Are Your Leaders Communicators?

Leaders should open doors and communicate, motivate and inspire employees to tackle organizational problems.

Many leaders tackle organizational problems behind closed doors, separating themselves from employees and perpetuating uncertainty. Instead, leaders should open those doors and communicate, motivate and inspire their employees.

“There’s this malaise in many organizations because people are confused. They don’t know what to do [because] they’re not getting direction from their leaders,” said Suzanne Bates, author of Motivate Like a CEO: Communicate Your Strategic Vision and Inspire People to Act! “[So] motivation is more important than ever, [and] leaders need to ramp up their communication and connect to people with the purpose and mission of the organization.”

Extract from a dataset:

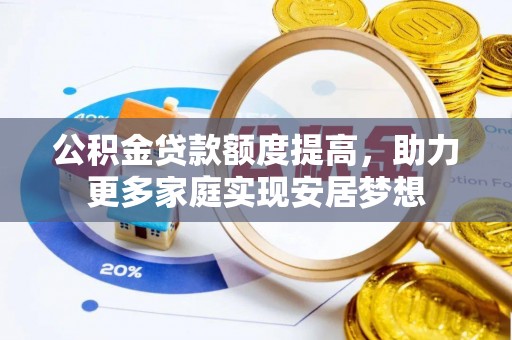永新公积金贷款额度提高，助力更多家庭实现安居梦想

Motivational leaders are not born, as many people assume, said Bates. They’re created, and that’s where training comes into play.

“[Leaders] are very good at analyzing business situation[s] and making decisions, but what they aren’t as good at is communicating with others,” she explained. “They just haven’t had that type of training, and a lot of organizations don’t know how to create that kind of training in their organizations.”

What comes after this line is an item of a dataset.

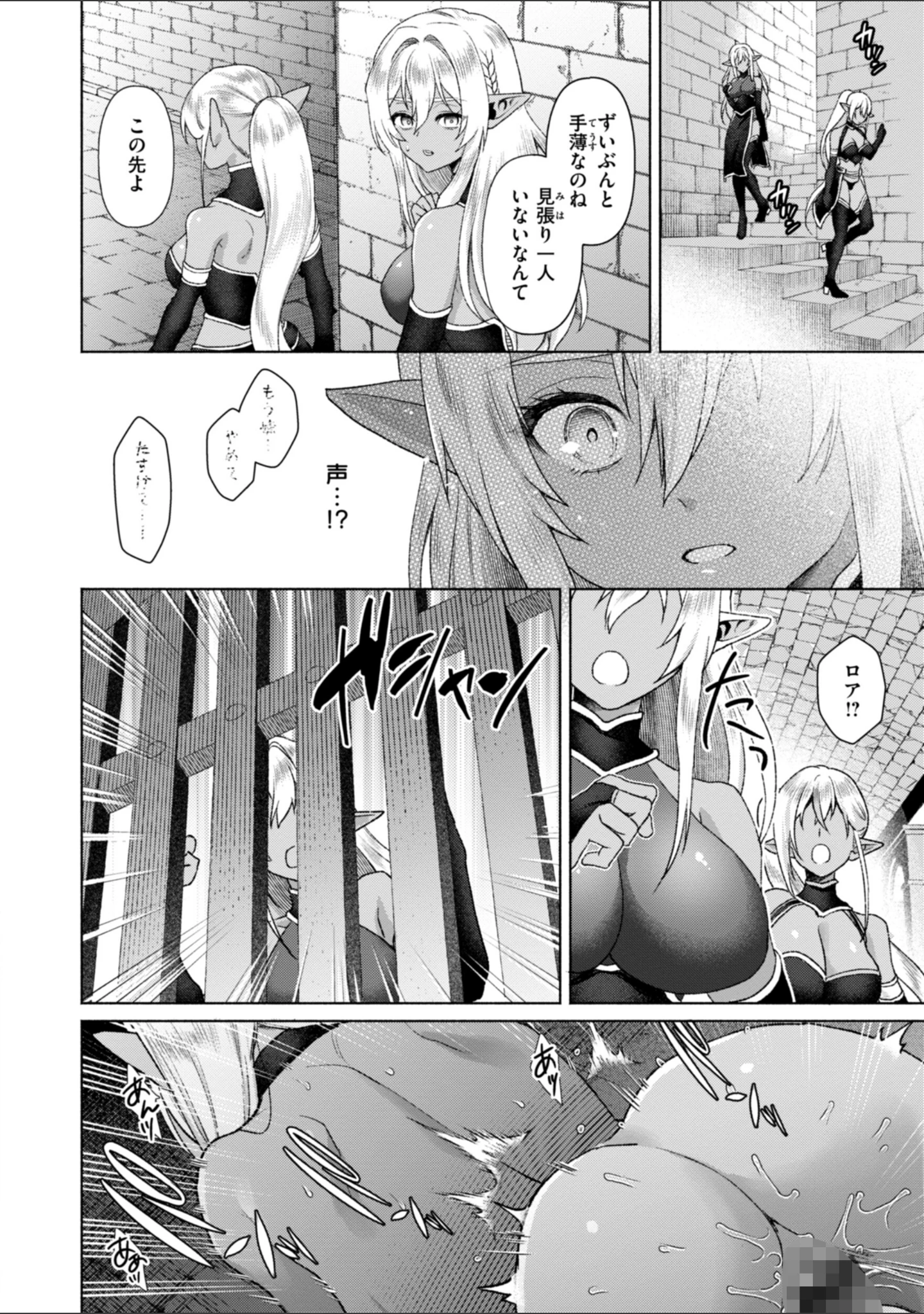 「フシダラミダラ〜異世界艶譚〜」（椋） 試し読み 30ページ目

As a result, a number of organizations don’t coach or train leaders on high-level communication skills, and communication is only vaguely addressed in professional development plans, instead of being explicitly addressed.

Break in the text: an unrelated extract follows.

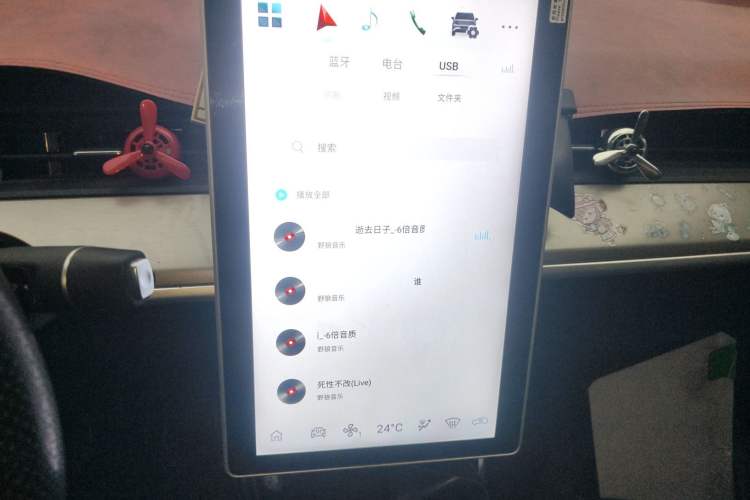 Used NETA V 2021 Long-Range Entertainment Edition Audio And AC Panel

“As you get ready to move into a senior-level [position], you need to be able to communicate vision, strategy and value. And you need to know how to communicate [that] in a way that motivates and inspires,” Bates said. “This is the piece of training and development that’s missing even in very sophisticated large corporations.”

While chief learning officers may be aware communication is a challenge for their leaders, the leaders themselves may not know it.

“The leaders may be making assumptions that they are connecting with their workforce, that they are motivating people. So how do you create that awareness?” Bates said. “You create it through assessment, coaching and feedback.

“At a certain level, there has to be a breakthrough in the leader’s ability to communicate, motivate and inspire, and that’s what allows them to rise to the top.”

A leader’s inability to do this ultimately affects the bottom line.

“The lost opportunities for a company are huge,” Bates said. “If [leaders] aren’t communicating effectively, you have worse client relationships [and] lost business opportunities. There’s a real financial cost to organizations [when] the second- and third-tier leaders aren’t good communicators.”